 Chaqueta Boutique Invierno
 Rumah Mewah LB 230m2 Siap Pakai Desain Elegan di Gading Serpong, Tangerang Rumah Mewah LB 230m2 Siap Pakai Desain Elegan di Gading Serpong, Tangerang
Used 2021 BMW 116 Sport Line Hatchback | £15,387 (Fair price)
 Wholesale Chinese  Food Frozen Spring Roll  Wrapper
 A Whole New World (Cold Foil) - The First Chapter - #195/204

____

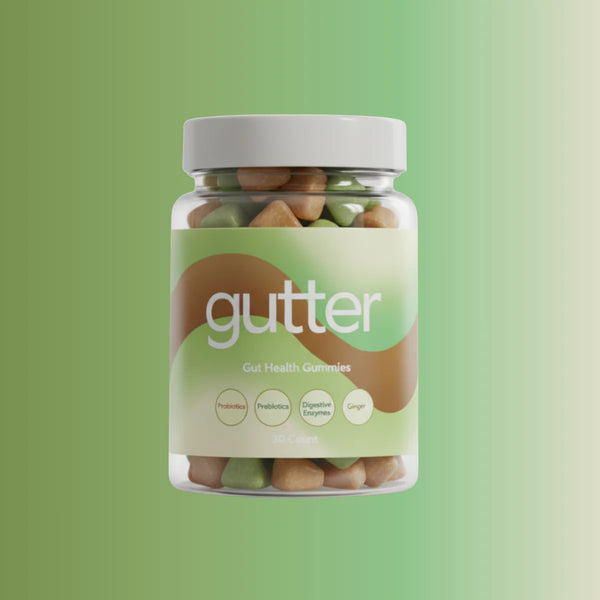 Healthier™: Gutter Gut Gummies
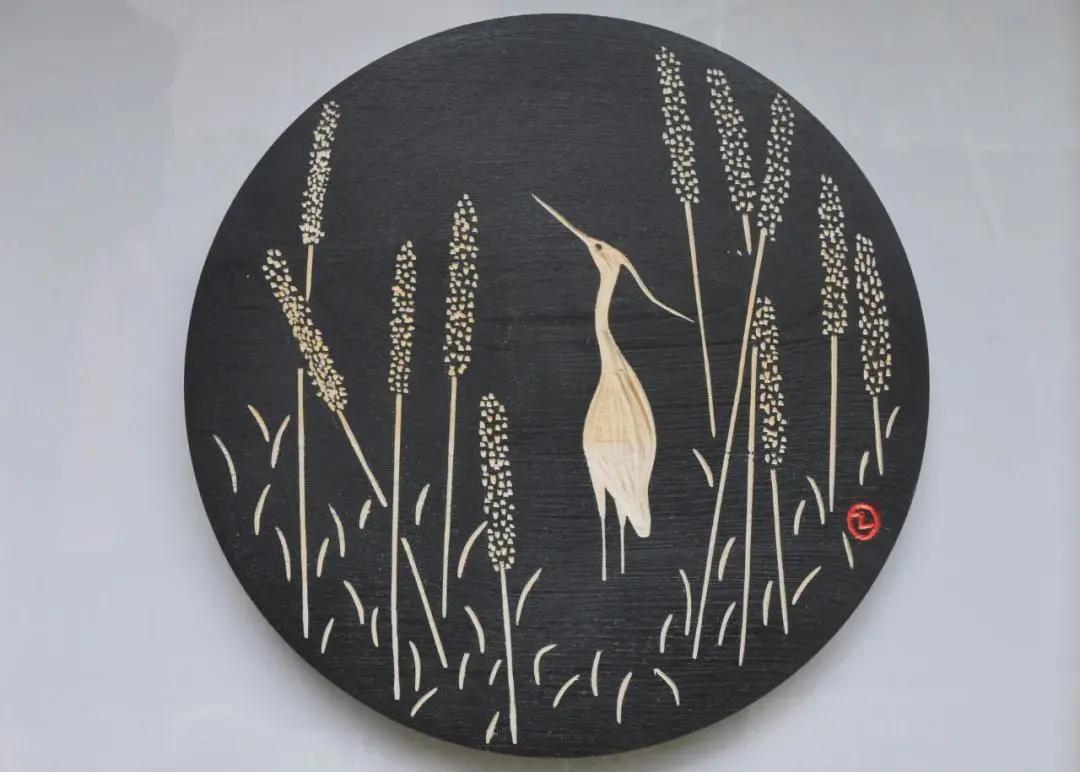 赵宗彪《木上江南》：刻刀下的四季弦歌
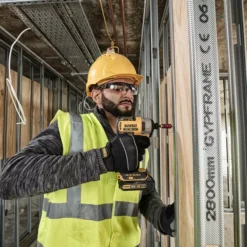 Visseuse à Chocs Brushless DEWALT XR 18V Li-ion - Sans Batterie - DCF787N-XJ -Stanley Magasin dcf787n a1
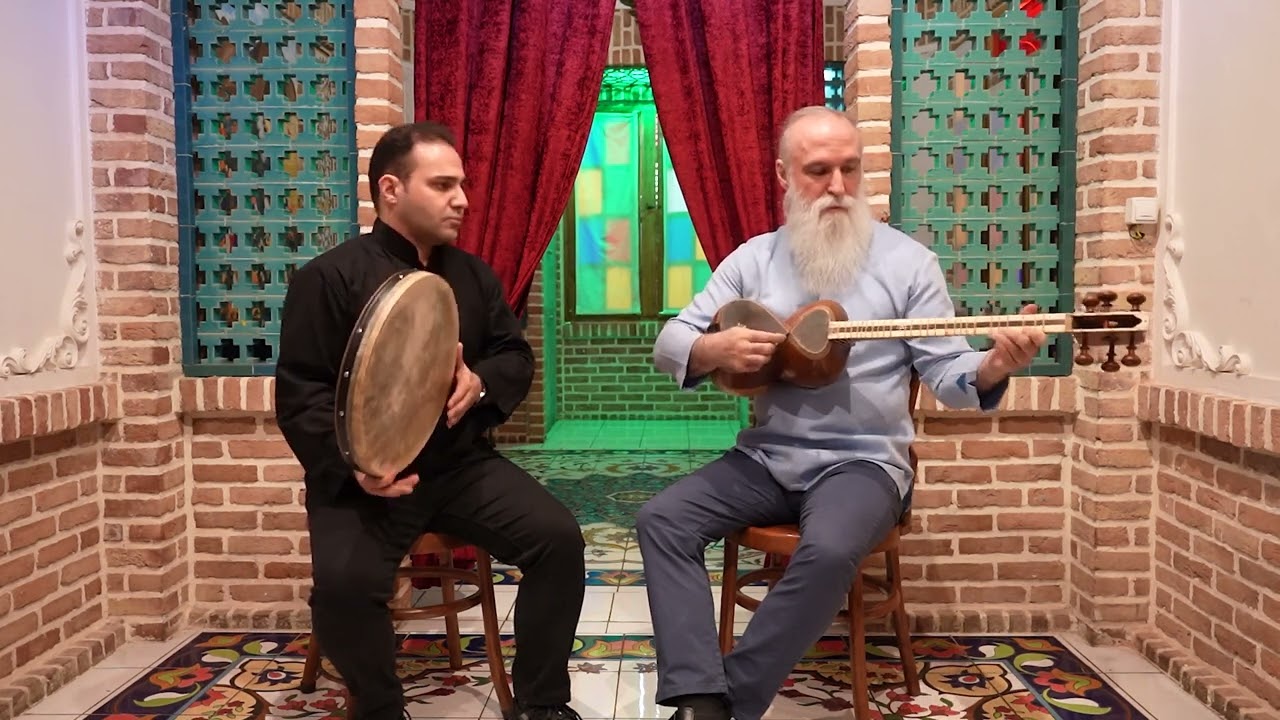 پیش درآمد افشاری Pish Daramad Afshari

____

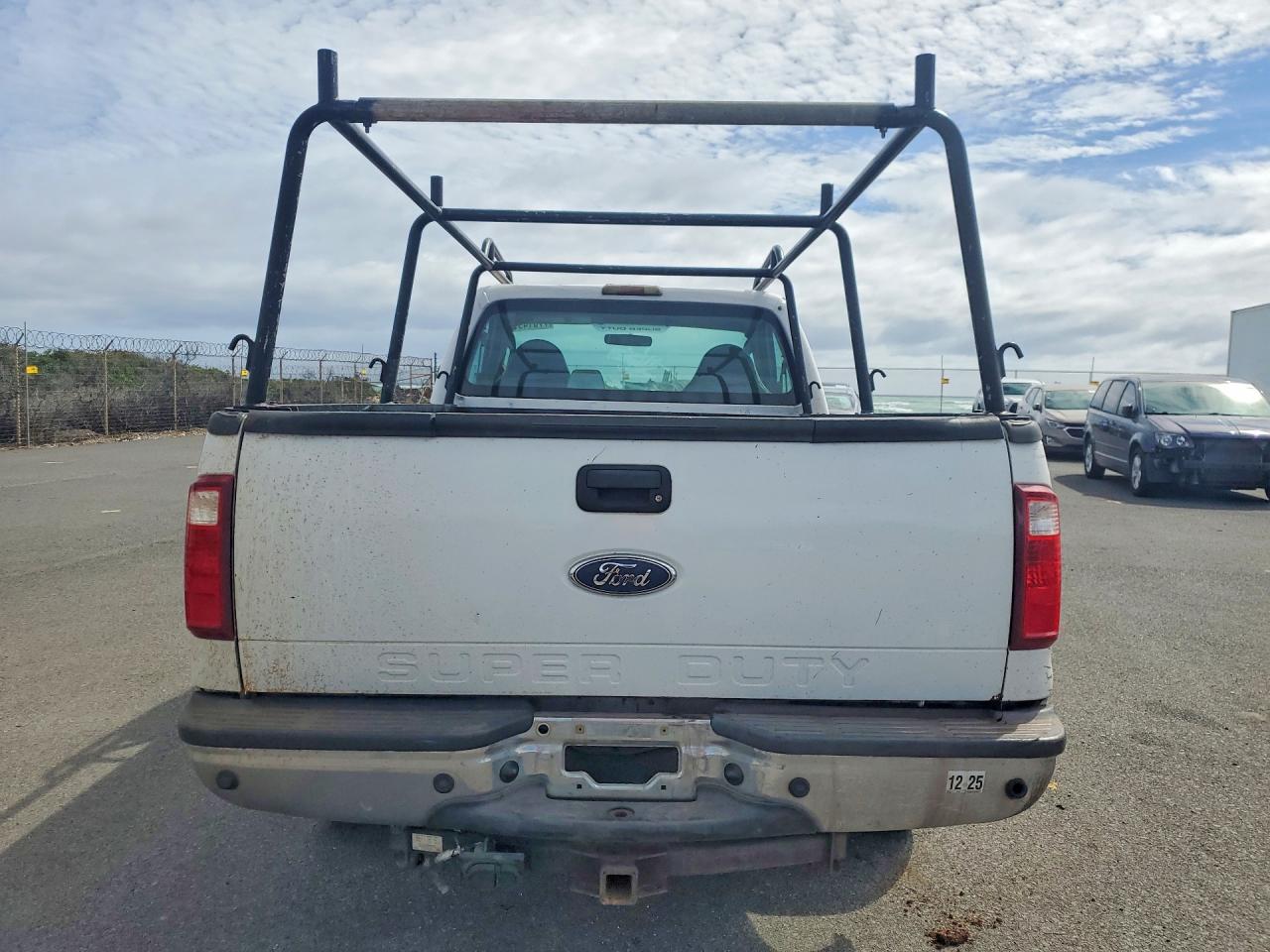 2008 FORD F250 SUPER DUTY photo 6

____

> **TRY IT**
Quote the data above from the line containing "Serpong, Tangerang Rumah" to the line containing "A Whole New", inclusive, and stop.

> **SOLUTION TO THIS PROBLEM**
 Rumah Mewah LB 230m2 Siap Pakai Desain Elegan di Gading Serpong, Tangerang Rumah Mewah LB 230m2 Siap Pakai Desain Elegan di Gading Serpong, Tangerang
Used 2021 BMW 116 Sport Line Hatchback | £15,387 (Fair price)
 Wholesale Chinese  Food Frozen Spring Roll  Wrapper
 A Whole New World (Cold Foil) - The First Chapter - #195/204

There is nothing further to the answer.